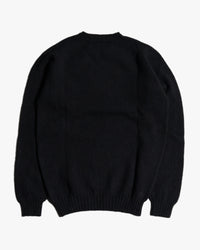 Harley of Scotland Supersoft Crew Neck Sweater - Black | Harley of Scotland Sweaters & Knitwear | Jeanstore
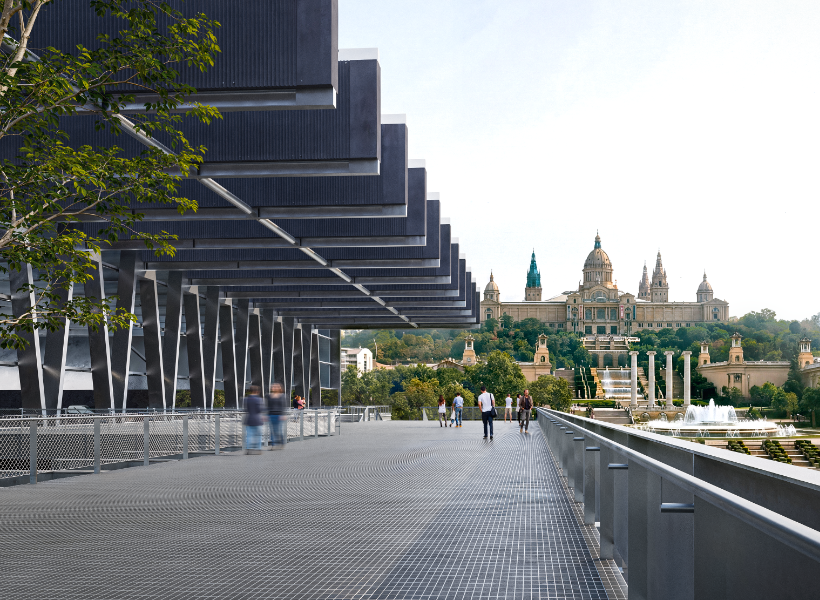 Render de cómo será el palacio multifuncional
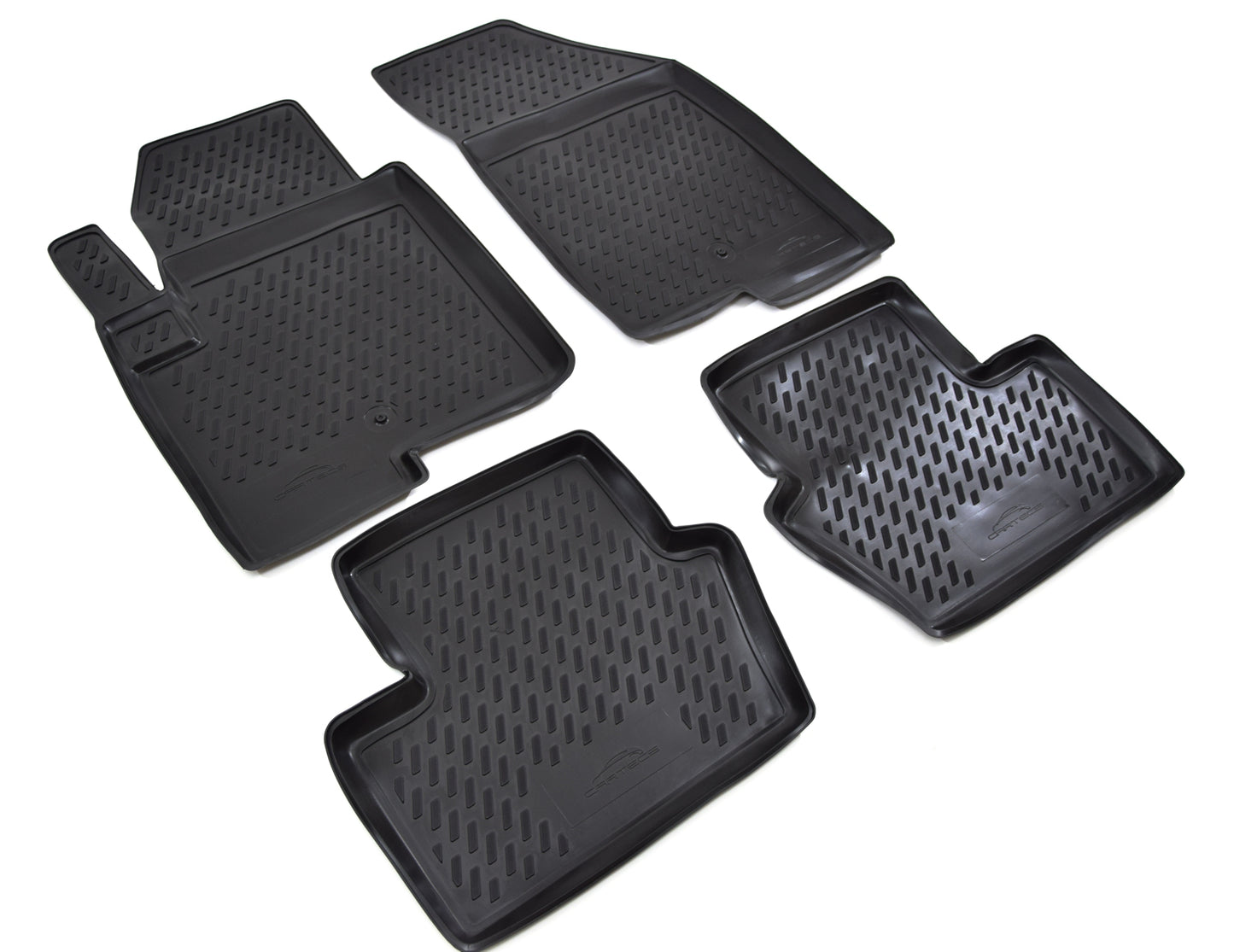 Covorase din cauciuc tip tavita Premium, Jeep Compass, 2009-2017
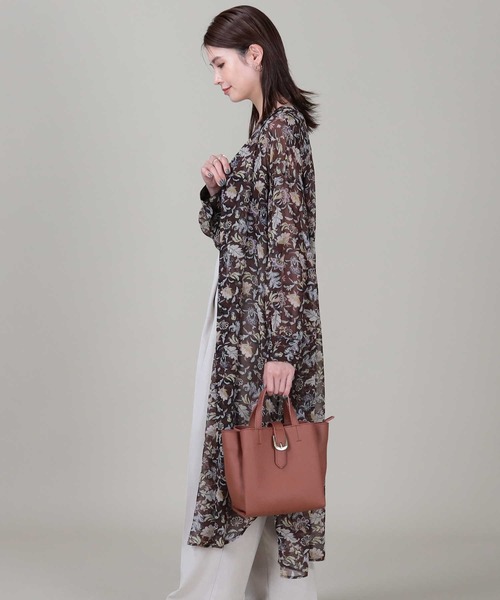 HONEYSUCKLE ROSE（ハニーサックルローズ）の「【HONEYSUCKLE ROSE】３層フェイクレザーショルダー（ショルダーバッグ・レディース・ブラック/ブラウン・ONE SIZE）」の7枚目の写真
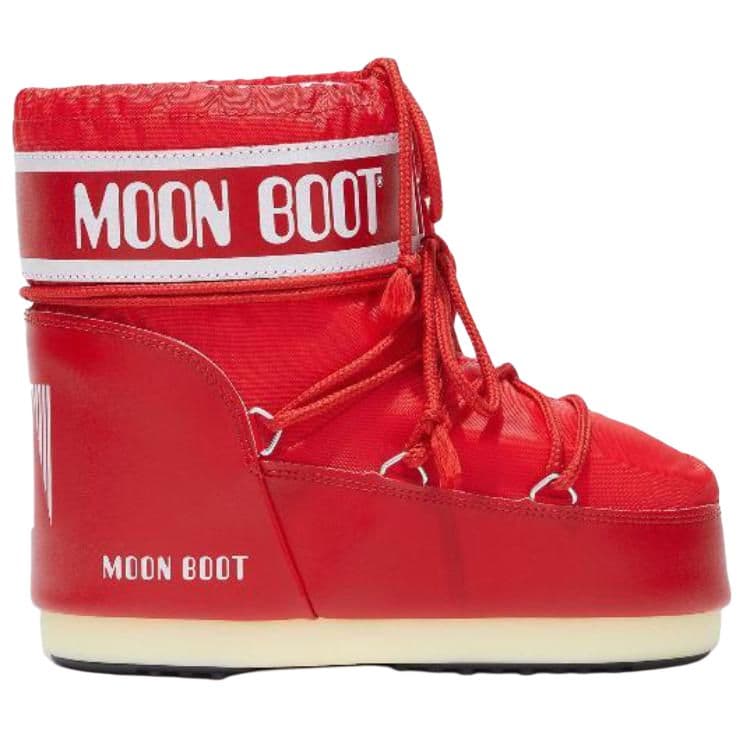 Ботинки зимние Moon Boot Short Snow Boots Red White - изображение 2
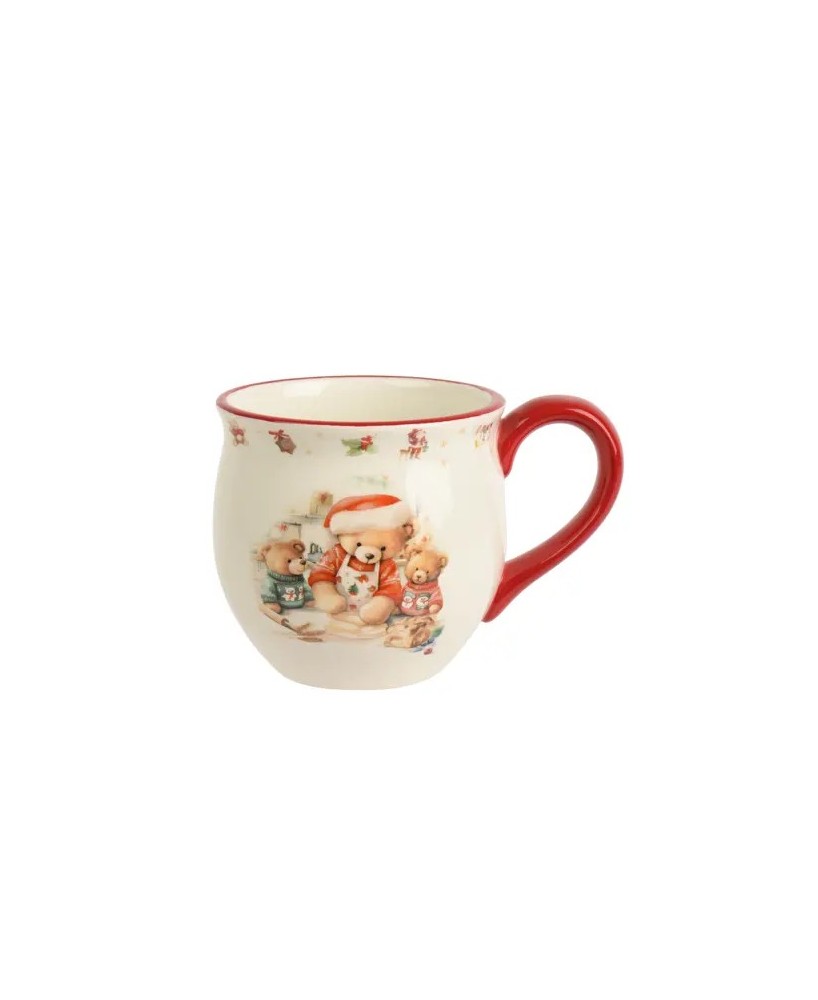 TAZA NAVIDAD OSITO L.13.5cm x W.9.5cm x H.9cm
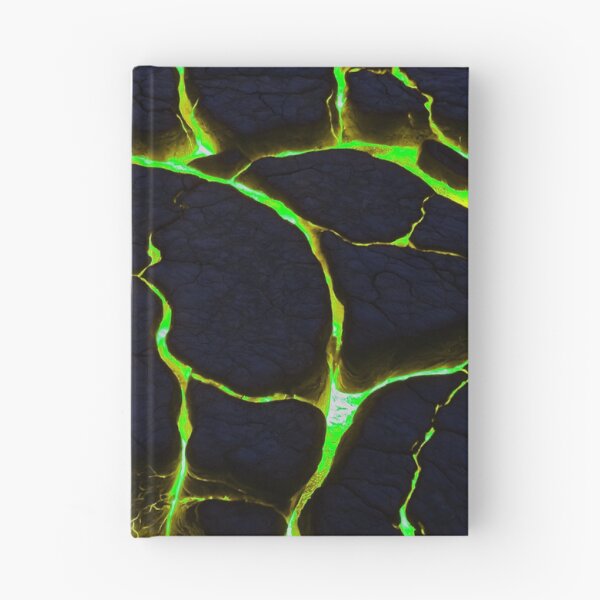 Item preview, Beautiful Green Lava On Fire - Cracking Rocks  designed and sold by SassyArtistry.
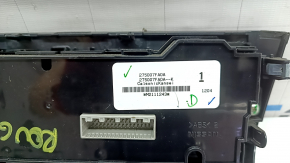 Nissan Rogue Sport 17-22 climatizare manuală, zgârieturi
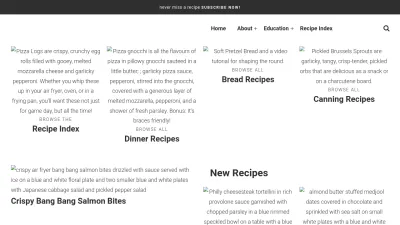 Screenshot preview of foodiewithfamily.com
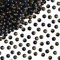 TOAOB 100 pcs Perles de Pierre de D'Obsidienne Naturelles de Or 4 mm Perles Rondes en Vrac de Pierres Énergie Perles Guérison pour Fabrication de Bijoux Collier Bracelet Boucle D'oreille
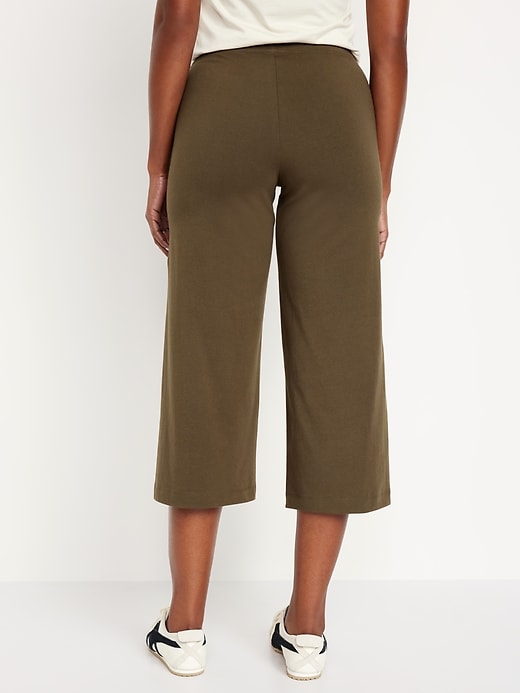 Image number 2 showing, High-Waisted Wide Leg Cropped Leggings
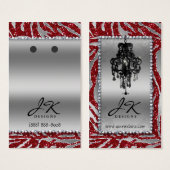 Verdienen von Display Cards Niedlich Zebra Chandel (Vorne & Hinten)
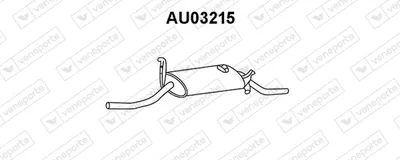 Schalldämpfer hinten Audi 50 · Vw DERBY · Vw POLO
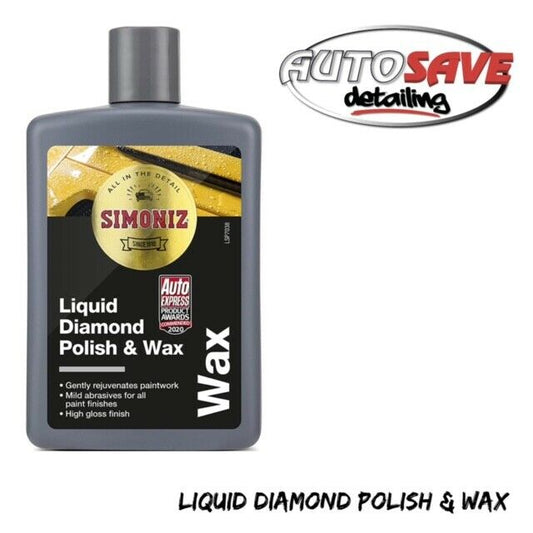 Simoniz Carnauba Long Lasting Shine Diamond Wax Scratch Remover Polish 500ml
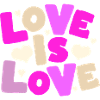Love Is Love – Buntes Herz Statement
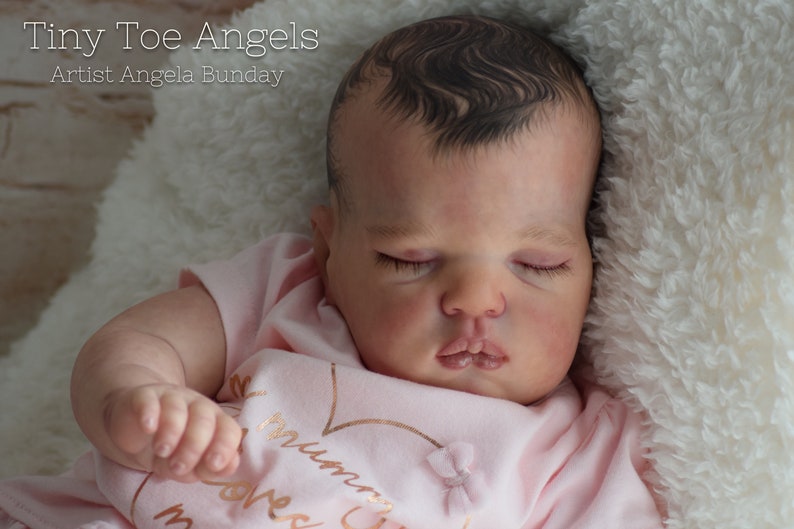 0-3 month sized reborn baby Sweetie Reborn Doll Baby Girl or boy sculpt by bountiful baby. Custom made to order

****************

ASSIGNED TASK:
Do not include pictures. Copy only the lines running from the line with "Image number 2" through the last line of the records, exactly as they appear.

TASK OUTPUT:
 Image number 2 showing, High-Waisted Wide Leg Cropped Leggings
 Verdienen von Display Cards Niedlich Zebra Chandel (Vorne & Hinten)
 Schalldämpfer hinten Audi 50 · Vw DERBY · Vw POLO
 Simoniz Carnauba Long Lasting Shine Diamond Wax Scratch Remover Polish 500ml
Love Is Love – Buntes Herz Statement
 0-3 month sized reborn baby Sweetie Reborn Doll Baby Girl or boy sculpt by bountiful baby. Custom made to order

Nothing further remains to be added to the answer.